:: Task instructions ::
Your answer should be an exact copy of the lines from the start of the entries to the line containing "Cisco HP TP-Link D-Link Сетевое оборудование", both included.

[Start of Attachment]

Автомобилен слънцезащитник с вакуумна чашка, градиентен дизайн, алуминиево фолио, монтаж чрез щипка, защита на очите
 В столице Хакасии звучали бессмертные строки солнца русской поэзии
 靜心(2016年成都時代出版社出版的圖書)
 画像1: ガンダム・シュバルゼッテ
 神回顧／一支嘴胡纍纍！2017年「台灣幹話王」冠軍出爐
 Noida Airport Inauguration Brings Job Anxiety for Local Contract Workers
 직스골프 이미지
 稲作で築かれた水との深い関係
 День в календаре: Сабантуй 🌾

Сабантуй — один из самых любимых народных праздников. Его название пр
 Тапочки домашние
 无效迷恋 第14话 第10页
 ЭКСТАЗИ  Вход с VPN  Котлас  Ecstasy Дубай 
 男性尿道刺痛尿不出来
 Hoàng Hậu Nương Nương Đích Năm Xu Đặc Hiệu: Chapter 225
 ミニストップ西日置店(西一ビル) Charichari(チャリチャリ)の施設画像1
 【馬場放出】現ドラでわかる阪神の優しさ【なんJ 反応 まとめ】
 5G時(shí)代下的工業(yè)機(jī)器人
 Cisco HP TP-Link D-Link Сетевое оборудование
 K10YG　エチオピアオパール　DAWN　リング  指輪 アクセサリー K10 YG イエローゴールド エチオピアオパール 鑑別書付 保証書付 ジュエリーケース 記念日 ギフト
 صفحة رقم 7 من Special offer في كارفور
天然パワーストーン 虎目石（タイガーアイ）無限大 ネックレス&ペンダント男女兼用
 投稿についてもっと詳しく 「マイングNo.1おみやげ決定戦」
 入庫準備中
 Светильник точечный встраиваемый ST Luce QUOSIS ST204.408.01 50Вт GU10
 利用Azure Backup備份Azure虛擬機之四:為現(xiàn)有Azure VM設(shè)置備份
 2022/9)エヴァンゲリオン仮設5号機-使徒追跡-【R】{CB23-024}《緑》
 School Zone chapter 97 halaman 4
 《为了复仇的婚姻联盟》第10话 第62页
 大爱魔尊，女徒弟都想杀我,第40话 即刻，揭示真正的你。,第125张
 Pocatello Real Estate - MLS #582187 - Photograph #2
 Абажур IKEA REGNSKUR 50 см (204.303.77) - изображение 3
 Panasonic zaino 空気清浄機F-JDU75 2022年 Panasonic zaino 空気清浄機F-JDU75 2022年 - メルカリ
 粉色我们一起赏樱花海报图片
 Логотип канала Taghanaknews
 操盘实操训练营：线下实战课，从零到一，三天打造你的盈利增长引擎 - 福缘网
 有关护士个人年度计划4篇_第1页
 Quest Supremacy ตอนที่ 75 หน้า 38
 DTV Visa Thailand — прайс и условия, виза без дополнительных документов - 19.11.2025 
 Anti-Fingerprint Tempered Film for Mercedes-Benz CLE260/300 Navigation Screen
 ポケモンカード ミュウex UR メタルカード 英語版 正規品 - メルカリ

[End of Attachment]

:: Result ::
Автомобилен слънцезащитник с вакуумна чашка, градиентен дизайн, алуминиево фолио, монтаж чрез щипка, защита на очите
 В столице Хакасии звучали бессмертные строки солнца русской поэзии
 靜心(2016年成都時代出版社出版的圖書)
 画像1: ガンダム・シュバルゼッテ
 神回顧／一支嘴胡纍纍！2017年「台灣幹話王」冠軍出爐
 Noida Airport Inauguration Brings Job Anxiety for Local Contract Workers
 직스골프 이미지
 稲作で築かれた水との深い関係
 День в календаре: Сабантуй 🌾

Сабантуй — один из самых любимых народных праздников. Его название пр
 Тапочки домашние
 无效迷恋 第14话 第10页
 ЭКСТАЗИ  Вход с VPN  Котлас  Ecstasy Дубай 
 男性尿道刺痛尿不出来
 Hoàng Hậu Nương Nương Đích Năm Xu Đặc Hiệu: Chapter 225
 ミニストップ西日置店(西一ビル) Charichari(チャリチャリ)の施設画像1
 【馬場放出】現ドラでわかる阪神の優しさ【なんJ 反応 まとめ】
 5G時(shí)代下的工業(yè)機(jī)器人
 Cisco HP TP-Link D-Link Сетевое оборудование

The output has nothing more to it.